I am using UiPath for a few weeks now, but I got stuck at a thing I need to do.
I am trying to upload documents in a CMS form, and add to additional metadata.
Most of the data is in an Excel file, but I need to extract the date the document is published from the
document itself. The document is a pdf, and I also have html files which are derived from the pdf’s.
I am trying to extract the date from the documents, so I can add them as metadata to the CMS form. I need the last date that is in the document. Furthermore the pdf’s are all different in size, varying between 5 and 20 pages, and the date is always somewhere at the end, but not exactly at the same place.
The date (above the blue line) I need always comes after "ter openbare zitting van ", in each document. (I put a red line underneath it)
The text is in Dutch, as well the format for the date. I do not need OCR to get the text, I can copy it.

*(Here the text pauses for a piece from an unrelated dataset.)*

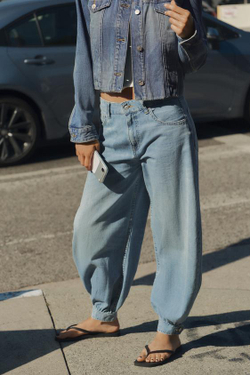 ZARA ДЖИНСЫ TRF BALLOON СО СРЕДНЕЙ ПОСАДКОЙ, ГОЛУБОЙ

Is there anyone who has an idea how I can assign the date to a string variable, so I can eventually paste it into the form in need to upload the document in?
I already tried anchor bases together with “get text”, but so far unsuccesfull. If you can help me, I will be very happy!
To extract the specific value you need to find the start index and end index of the value and pass these index and get the specific value by using substring
Actually, it doesn’t work: it starts counting from the top of the pdf instead, instead of after "ter openbare zitting van "). There is only one "ter openbare zitting van " in the pdf, so that’s not the problem. What I need is the date: “15 november 2013”, at the end of the pdf.
I only thought it worked because I had one pdf which had the date also right on top, but most do not have that.
It may be related to the text being returned the read pdf activity. I notice that “ter openbare zitting van” is split over two lines. Are there any line breaks in the text that is returned. Can you share your code?
Yes, I can, although I messed up the code a bit because I am working on it. Thanks for your reply though.
1.4 Date from PDF (Sequence)
Private = False
Variables
Q(IEnumerable<KeyValuePair<Rectangle,String>>)
pdf(String)
PDFtext(String)
Activities
1.27 Read PDF text (ReadPDFText)
FileName = C:\Users\XXX\Documents\SVdownload\Flinterbay.pdf
Range = All
Text = PDFtext
Private = False
1.21 Assign (Assign)
To = Datum
Value = pdfText.Substring(pdfText.IndexOf("ter openbare zitting van “)+25, 15)
Private = False
1.18 Write line (WriteLine)
Text = datum
Private = False
1.13 Assign (Assign)
To = DatumSplit
Value = Datum.Split({” "c})
Private = False
1.8 Assign (Assign)
To = Dag
Value = DatumSplit(0)
Private = False
1.5 Write line (WriteLine)
Text = Dag
Private = False
In fact, this is not the whole code, but only the part in which I try to extract the date. Other parts are filling in forms, which is not so relevant.
The output is
013 VAN HET TUC
013
I tried it with the pdf you send and in works! Genius, thanks a lot!
I will try the rest, but I think this is a good solution. What are the replaces doing if I may ask?
Oh that makes sense. So if it cannot find the “ter openbare zitting” sentence it will start right from the beginning, am I right? Again, thanks a lot, I would never have come up with that!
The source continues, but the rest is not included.